▸ **PROBLEM TO SOLVE**
Extract the run of lines that starts at the top of the records below and ends at the line with "bathroom with walk", keeping both ends and excluding pictures.

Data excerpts
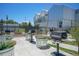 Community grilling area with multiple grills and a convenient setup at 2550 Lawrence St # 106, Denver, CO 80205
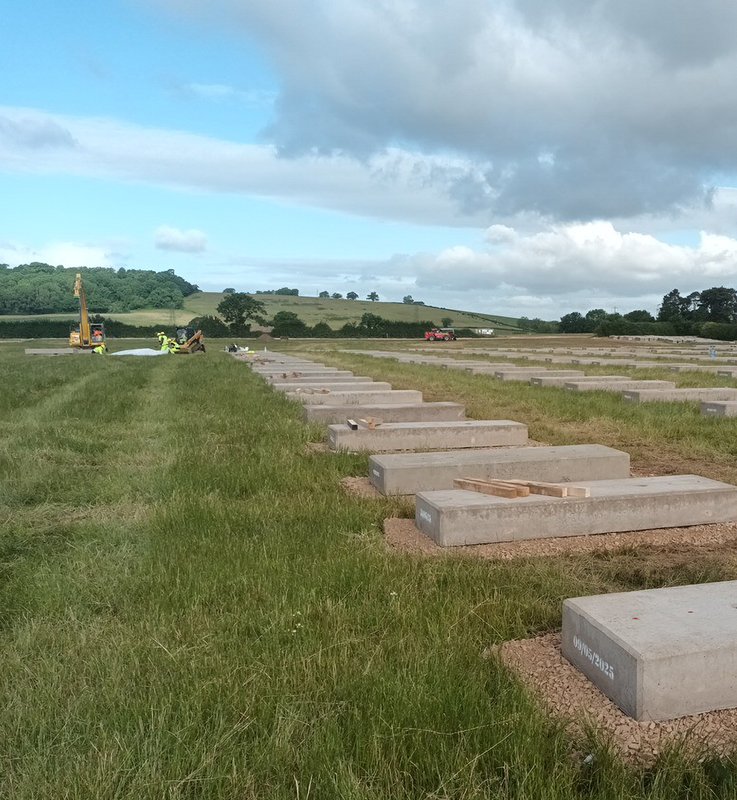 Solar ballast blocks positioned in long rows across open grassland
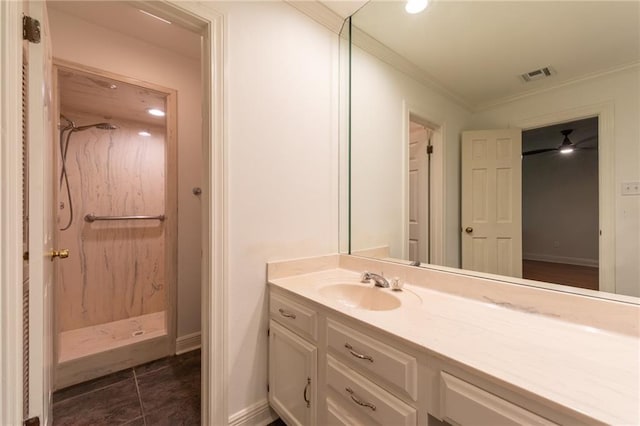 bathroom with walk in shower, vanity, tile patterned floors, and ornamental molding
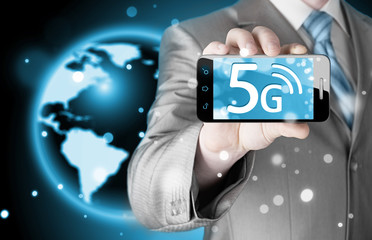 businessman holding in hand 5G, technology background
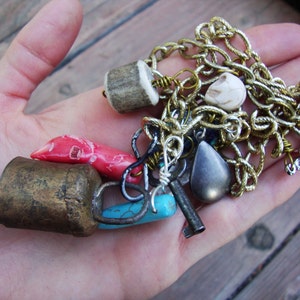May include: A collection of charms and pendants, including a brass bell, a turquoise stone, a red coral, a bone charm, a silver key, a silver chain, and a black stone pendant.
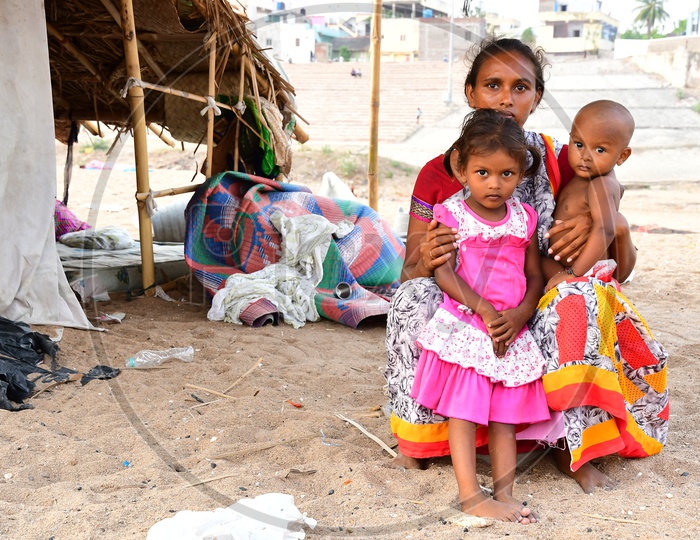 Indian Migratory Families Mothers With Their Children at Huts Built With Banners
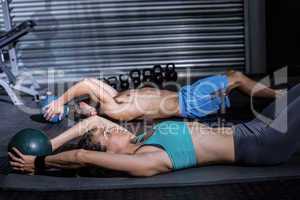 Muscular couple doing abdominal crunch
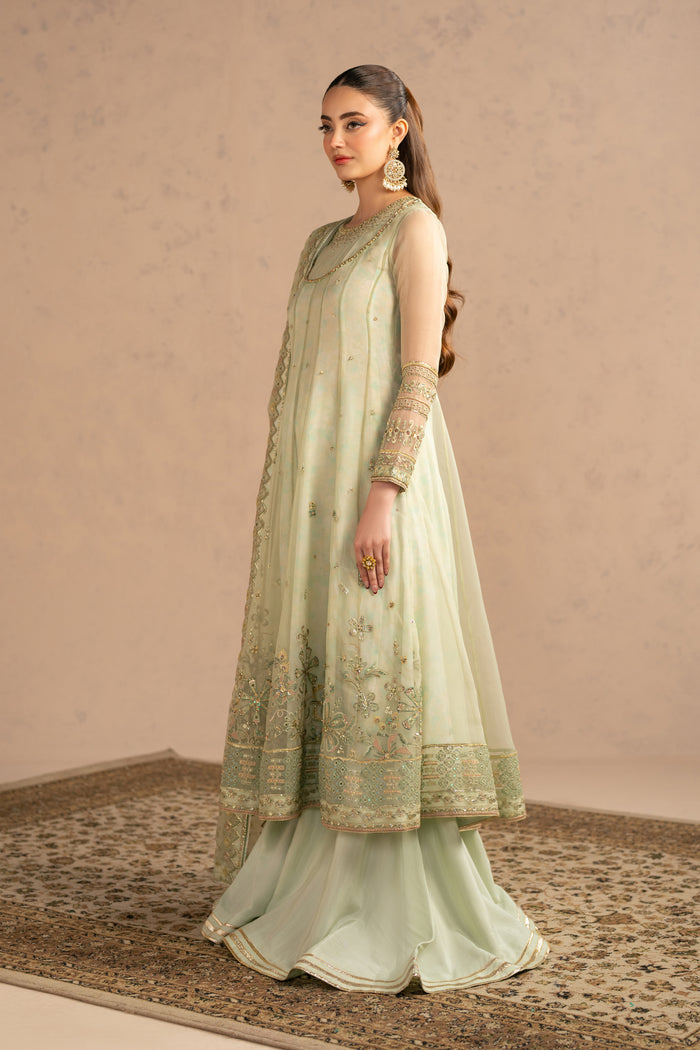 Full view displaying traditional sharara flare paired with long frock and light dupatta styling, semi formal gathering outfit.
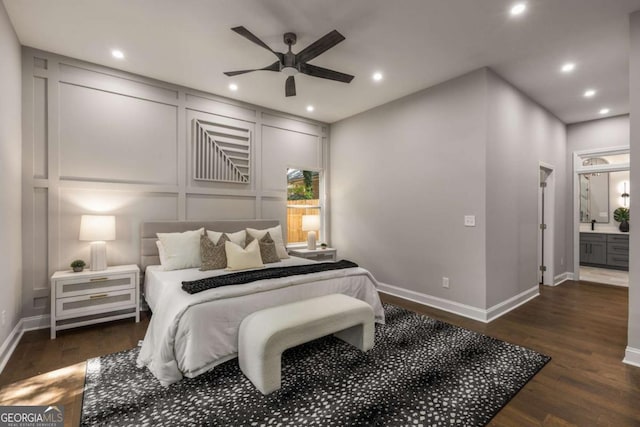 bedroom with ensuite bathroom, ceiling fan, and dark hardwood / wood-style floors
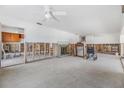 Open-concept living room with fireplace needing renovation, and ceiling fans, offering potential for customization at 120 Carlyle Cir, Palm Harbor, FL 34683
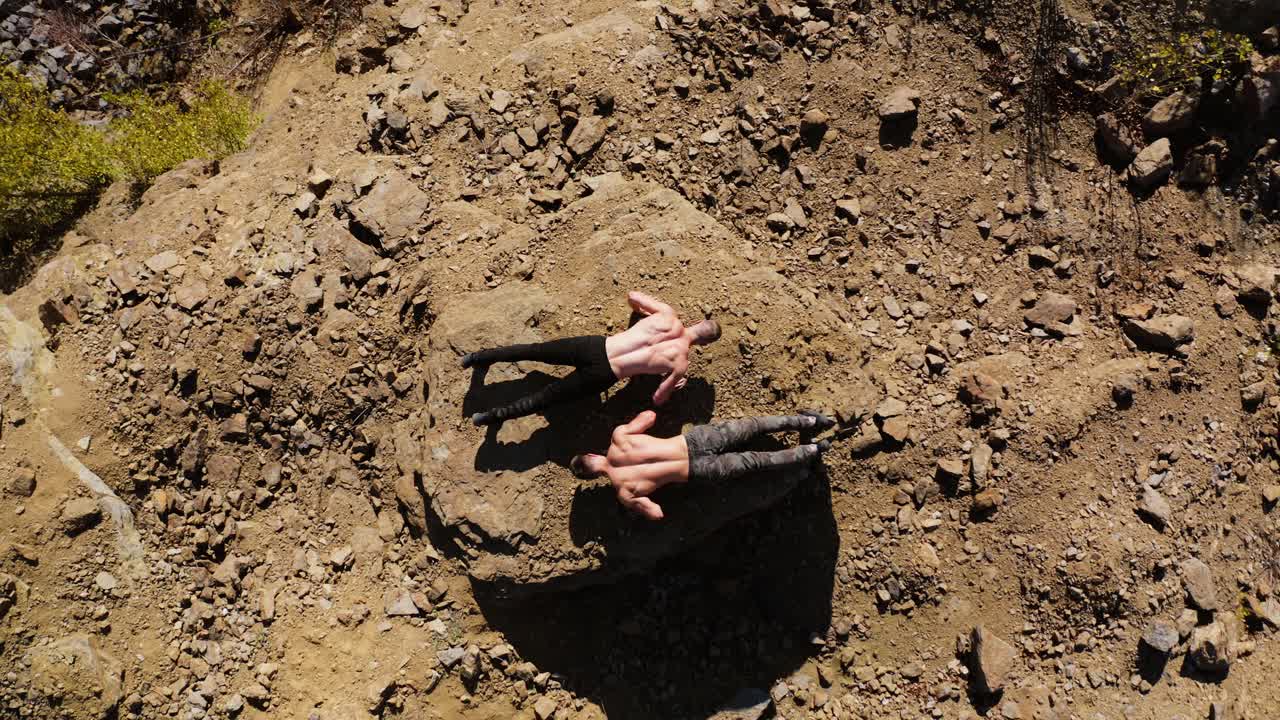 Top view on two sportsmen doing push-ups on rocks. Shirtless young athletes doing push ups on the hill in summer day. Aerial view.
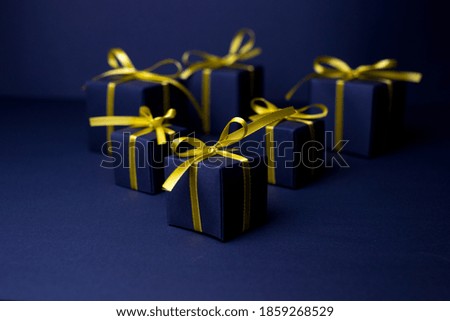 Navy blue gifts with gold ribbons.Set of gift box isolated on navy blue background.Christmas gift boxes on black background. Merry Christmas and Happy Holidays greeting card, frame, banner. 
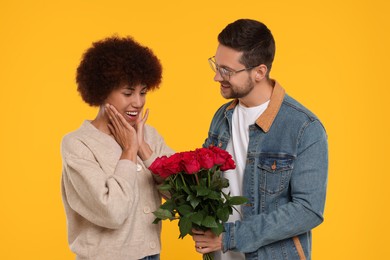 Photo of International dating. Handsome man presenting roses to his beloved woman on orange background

▸ **ANSWER FOR THIS EXERCISE**
 Community grilling area with multiple grills and a convenient setup at 2550 Lawrence St # 106, Denver, CO 80205
 Solar ballast blocks positioned in long rows across open grassland
 bathroom with walk in shower, vanity, tile patterned floors, and ornamental molding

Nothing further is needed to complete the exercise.